▸ PROBLEM DESCRIPTION: An exact restatement of the data is required, with the images omitted.

[EXTRACTED DATA — start]

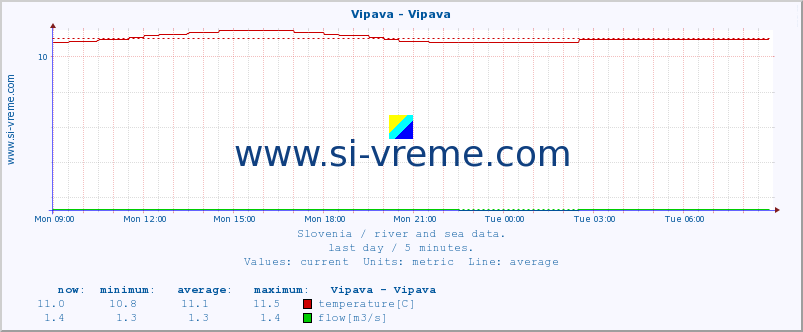  :: Vipava - Vipava :: temperature | flow | height :: last day / 5 minutes.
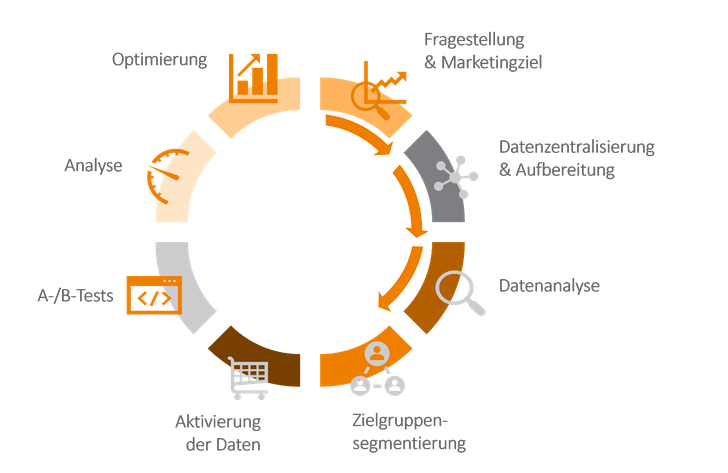 Der Einsatz von First-Party-Daten schematisch, Bild: Ad Agents Bild: Ad Agents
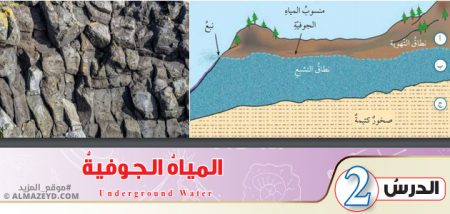 تلخيص وحل أسئلة درس: المياه الجوفية – علوم الأرض والبيئة 9 «أردني» الفصل الأول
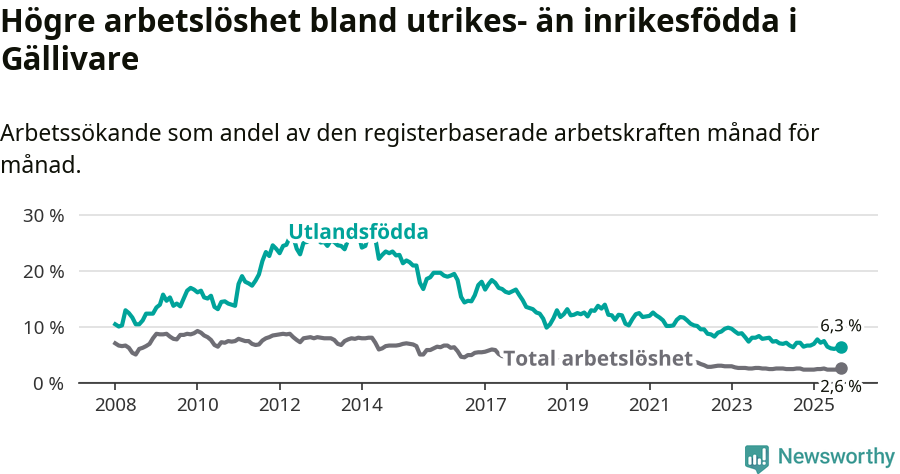 Graf: Skillnad i arbetslöshet mellan utrikesfödda och hela befolkningen i Gällivare kommun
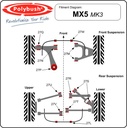 Polybush Front - Upper Wishbone Inner (27M)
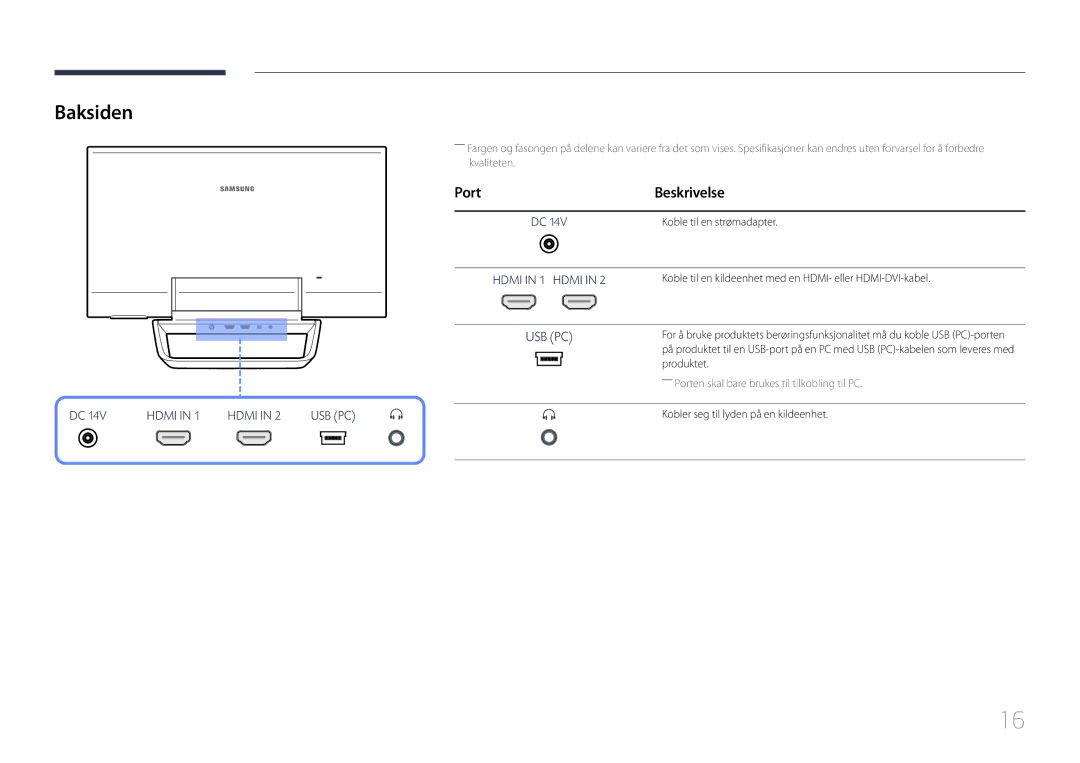 Samsung LS24C770TS/EN manual Baksiden, Port Beskrivelse 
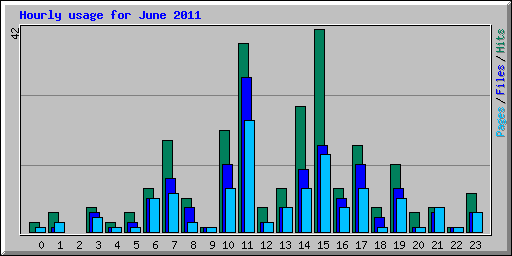 Hourly usage for June 2011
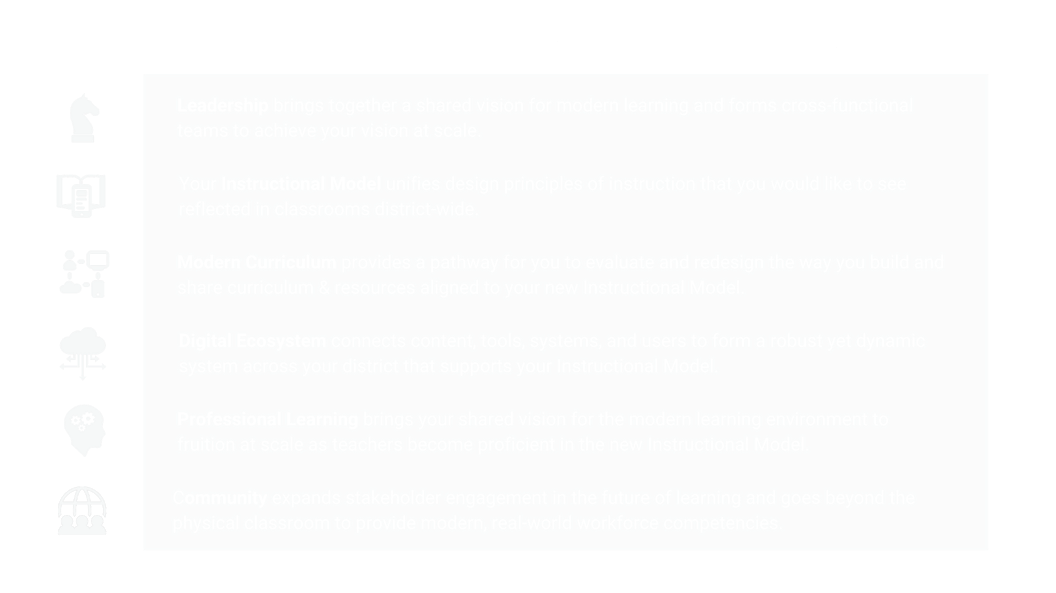 Framework Plus Community.png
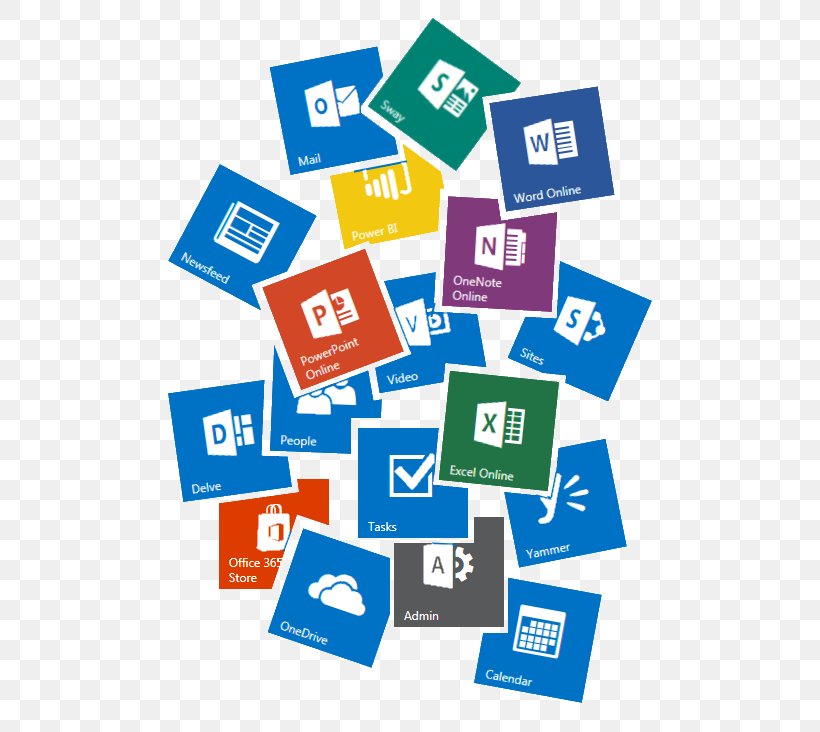 Microsoft Office 365 Dell Technical Support, PNG, 542x732px, Microsoft Office 365, Area, Brand, Communication, Dell Download Free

[EXTRACTED DATA — finish]

▸ TASK OUTPUT:
  :: Vipava - Vipava :: temperature | flow | height :: last day / 5 minutes.
 Der Einsatz von First-Party-Daten schematisch, Bild: Ad Agents Bild: Ad Agents
 تلخيص وحل أسئلة درس: المياه الجوفية – علوم الأرض والبيئة 9 «أردني» الفصل الأول
 Graf: Skillnad i arbetslöshet mellan utrikesfödda och hela befolkningen i Gällivare kommun
 Polybush Front - Upper Wishbone Inner (27M)
 Samsung LS24C770TS/EN manual Baksiden, Port Beskrivelse 
 Hourly usage for June 2011
 Framework Plus Community.png
 Microsoft Office 365 Dell Technical Support, PNG, 542x732px, Microsoft Office 365, Area, Brand, Communication, Dell Download Free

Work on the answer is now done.